Today is the Advent Sunday known as Hope Sunday. In a few days, we will be remembering the 1989 Montreal Massacre. Shortly after will be the one-year anniversary of the Newtown shootings. Perhaps as we begin Advent, it is good to pray for hope and for peace in our world. Many are devastated by the events around them. Here in the North, it is easy to forget where the homeless will sleep as temperatures drop. Safe in our own homes, the people suffering from the devastation in the Philippines seems surreal. In this busy holiday season, we can be so distracted by our to-do list that we forget to-be present to the real reason for this season. I am looking as I usually do this time of year to participate in a few Christmas miracles so that I can help to harvest hope for some people in dire need this season. Keep your eyes open for such opportunities.

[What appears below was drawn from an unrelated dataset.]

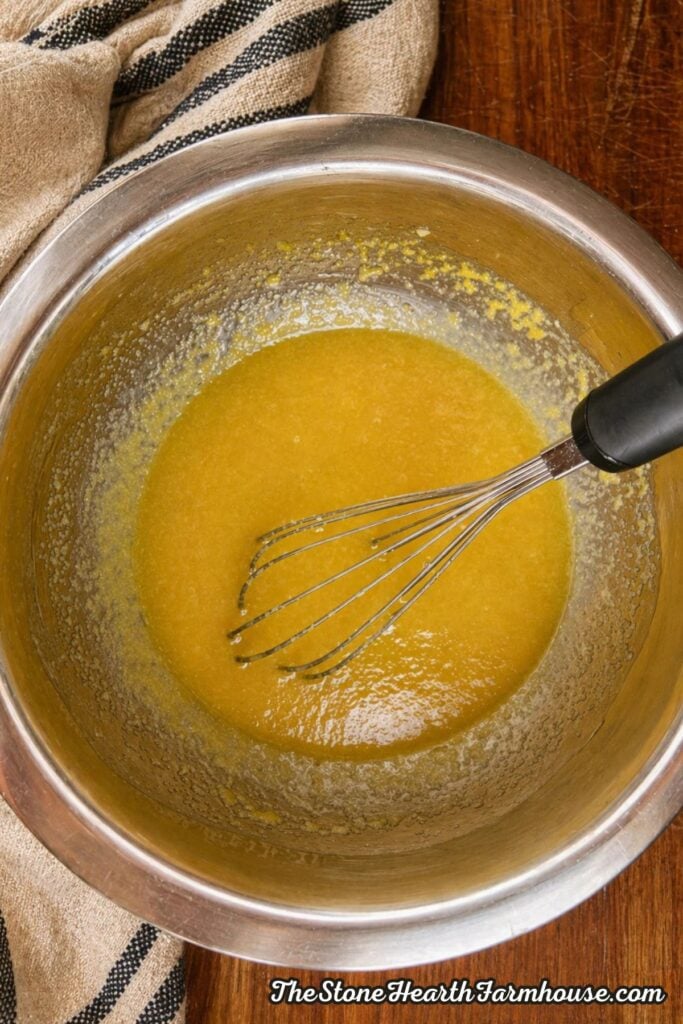 Melted butter and sugar mixture whisked together in a stainless steel mixing bowl for oatmeal raisin cookies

Advent is to wait and to begin these four weeks we hope. I believe in hope, foolish though that may be to many. I know our world needs a good, heaping dose of hope. Many people feel hopeless at this time of year. Some cannot afford food, let alone fancy gifts. Some are discouraged at spending yet another Christmas by themselves. Others dread the closing of this year as it means work is also ending due to lay-offs and cutbacks.
In today’s readings we have reason to hope. Come to the mountain of the Lord so that he may teach us his ways and we may walk in his paths. Stop learning war and walk in the Light. I hunger for the Old Testament passages during Advent. Psalm 122 urges the people to go to the house of the Lord, to pray that peace be within you, and to seek the good of others for the sake of the Lord. We are urged in Romans 13 to awake from our slumber, to lay aside the works of darkness and put on the armour of light, to live honourably, and to put on Christ. The Gospel of Matthew is also a call to keep awake as the Son of Man will appear at an unexpected hour.

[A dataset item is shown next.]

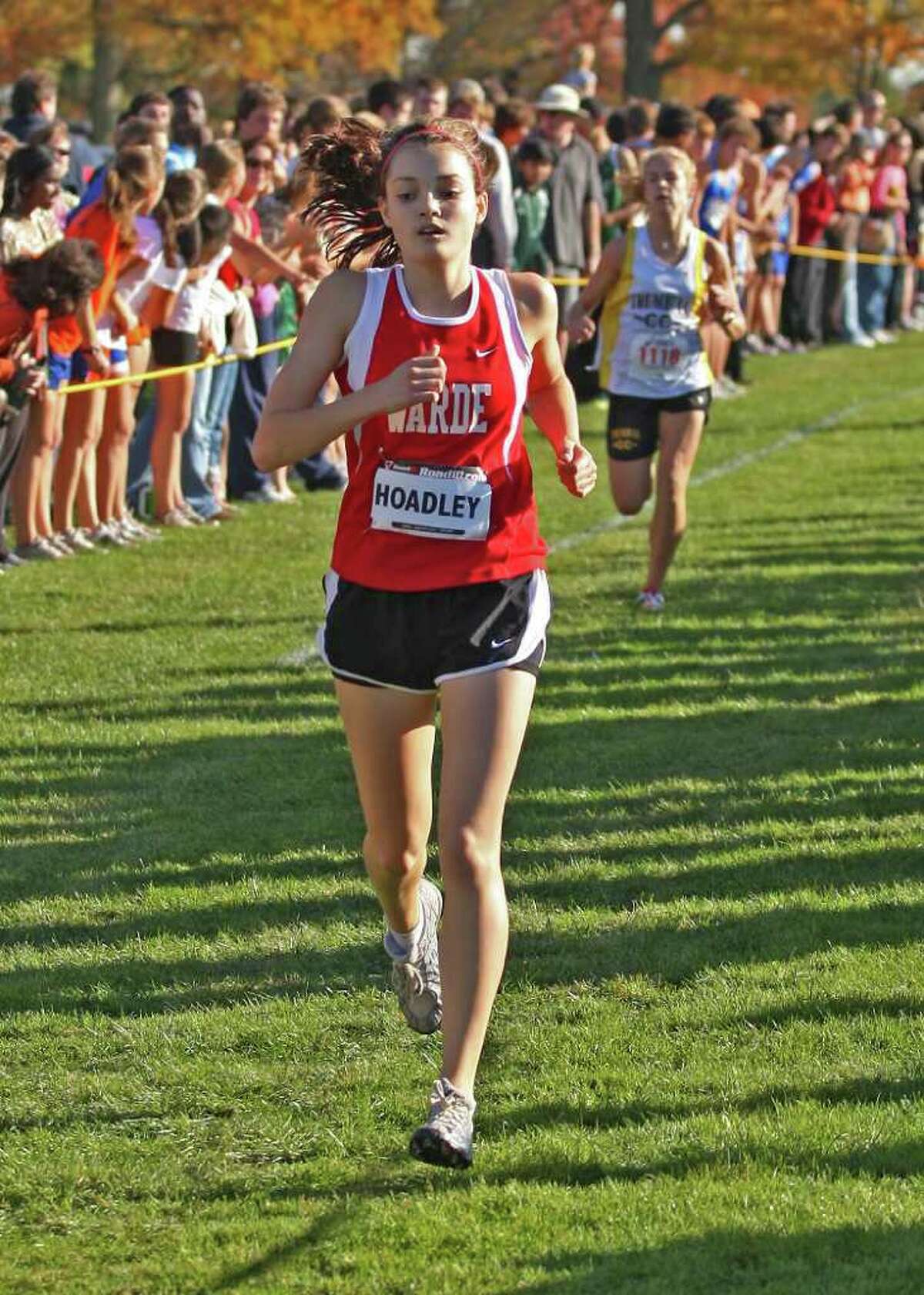 Fairfield Warde's Lexi Hoadley crosses the finish line during a race during the 2009 season. Hoadley should be the Mustangs' top female returning runner this year.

There is a call to vigilance and hopeful anticipation, a heeding of keeping watch for the One who is Coming. During World Youth Day, Pope Francis advised the crowds to not be robbed of hope and to not rob others of hope, but rather to become bearers of hope. In Ann Voskamp’s new book on Advent, The Greatest Gift, the reflection for Day 1 says:
“The mattering part is never what isn’t. The mattering part is never the chopped off stump. It isn’t what dream has been cut down, what hope has been cut off, what part of the heart has been cut out. The tender mattering part is–you have a Tree.”

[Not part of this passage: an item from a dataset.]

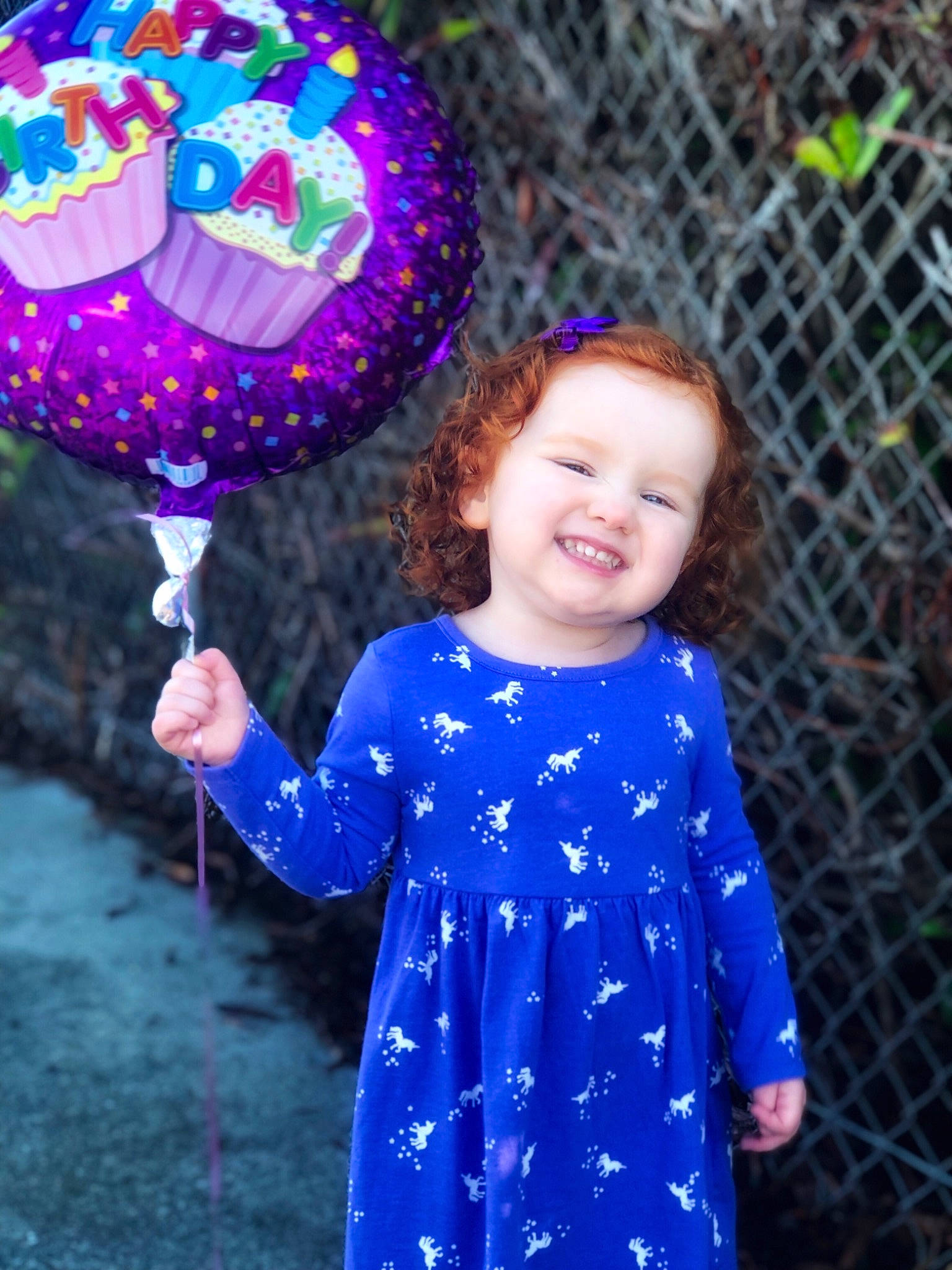 Evalynn joined the competition — help win amazing prizes! balloon, blue, child, design, fun, happy, joy, party, party_supply, pattern, person, purple, smile, toddler, violet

Out of the stump of Jesse will come the tree that will become the cross. The beautiful Babe that we await in these four week is born as an ultimate sign of hope–God becomes human, vulnerable, and touchable. God was there in Montreal and in Newtown. God is there in your personal pain and anguish. God vulnerable and present has the power to restore any hope you might have misplaced recently. Come, walk in the light, hunger for the Good News that is being delivered, spread hope, sprinkle joy, and seek good for others. Be diligent and awake. Now is the time to believe that whatever has happened to you, God can redeem.
Peace,
Suzanne
Thanks, Suzanne – It’s easy to have faith in the good times. But I prefer to worship the God with us (Immanuel)…not necessarily working, but certainly weeping with us, in our dark times. Somehow more comforting and hopeful than the God of the tinsel and toys.
God bless you, Myrna! Yes, I believe in Immanuel too. Less glitter and more grit. Thank you for posting.